Problem to solve. Whatever lines the data contains, output all of them unchanged.

++++ Dataset content ++++

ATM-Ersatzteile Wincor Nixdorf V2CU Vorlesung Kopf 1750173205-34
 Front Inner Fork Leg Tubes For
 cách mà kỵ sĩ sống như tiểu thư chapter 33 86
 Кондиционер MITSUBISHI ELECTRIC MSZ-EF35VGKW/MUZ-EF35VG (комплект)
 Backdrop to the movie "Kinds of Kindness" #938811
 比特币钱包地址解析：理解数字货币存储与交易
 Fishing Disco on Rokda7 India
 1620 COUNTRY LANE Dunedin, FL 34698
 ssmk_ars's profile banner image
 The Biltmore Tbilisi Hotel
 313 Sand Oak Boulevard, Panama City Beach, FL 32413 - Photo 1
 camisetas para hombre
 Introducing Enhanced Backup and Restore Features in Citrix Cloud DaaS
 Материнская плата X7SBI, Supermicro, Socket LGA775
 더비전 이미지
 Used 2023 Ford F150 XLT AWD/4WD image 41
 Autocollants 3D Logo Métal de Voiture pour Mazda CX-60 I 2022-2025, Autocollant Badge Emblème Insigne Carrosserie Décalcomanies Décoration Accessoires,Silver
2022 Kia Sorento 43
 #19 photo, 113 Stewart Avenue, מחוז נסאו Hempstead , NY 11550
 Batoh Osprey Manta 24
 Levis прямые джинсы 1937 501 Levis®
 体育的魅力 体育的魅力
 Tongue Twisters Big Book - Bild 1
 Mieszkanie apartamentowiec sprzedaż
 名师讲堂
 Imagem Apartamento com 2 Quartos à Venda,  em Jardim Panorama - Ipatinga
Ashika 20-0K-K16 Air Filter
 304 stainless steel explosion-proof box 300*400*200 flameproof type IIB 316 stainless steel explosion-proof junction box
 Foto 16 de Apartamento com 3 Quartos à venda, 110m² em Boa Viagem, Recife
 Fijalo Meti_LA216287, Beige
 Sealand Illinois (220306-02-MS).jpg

++++

Response to the task.
ATM-Ersatzteile Wincor Nixdorf V2CU Vorlesung Kopf 1750173205-34
 Front Inner Fork Leg Tubes For
 cách mà kỵ sĩ sống như tiểu thư chapter 33 86
 Кондиционер MITSUBISHI ELECTRIC MSZ-EF35VGKW/MUZ-EF35VG (комплект)
 Backdrop to the movie "Kinds of Kindness" #938811
 比特币钱包地址解析：理解数字货币存储与交易
 Fishing Disco on Rokda7 India
 1620 COUNTRY LANE Dunedin, FL 34698
 ssmk_ars's profile banner image
 The Biltmore Tbilisi Hotel
 313 Sand Oak Boulevard, Panama City Beach, FL 32413 - Photo 1
 camisetas para hombre
 Introducing Enhanced Backup and Restore Features in Citrix Cloud DaaS
 Материнская плата X7SBI, Supermicro, Socket LGA775
 더비전 이미지
 Used 2023 Ford F150 XLT AWD/4WD image 41
 Autocollants 3D Logo Métal de Voiture pour Mazda CX-60 I 2022-2025, Autocollant Badge Emblème Insigne Carrosserie Décalcomanies Décoration Accessoires,Silver
2022 Kia Sorento 43
 #19 photo, 113 Stewart Avenue, מחוז נסאו Hempstead , NY 11550
 Batoh Osprey Manta 24
 Levis прямые джинсы 1937 501 Levis®
 体育的魅力 体育的魅力
 Tongue Twisters Big Book - Bild 1
 Mieszkanie apartamentowiec sprzedaż
 名师讲堂
 Imagem Apartamento com 2 Quartos à Venda,  em Jardim Panorama - Ipatinga
Ashika 20-0K-K16 Air Filter
 304 stainless steel explosion-proof box 300*400*200 flameproof type IIB 316 stainless steel explosion-proof junction box
 Foto 16 de Apartamento com 3 Quartos à venda, 110m² em Boa Viagem, Recife
 Fijalo Meti_LA216287, Beige
 Sealand Illinois (220306-02-MS).jpg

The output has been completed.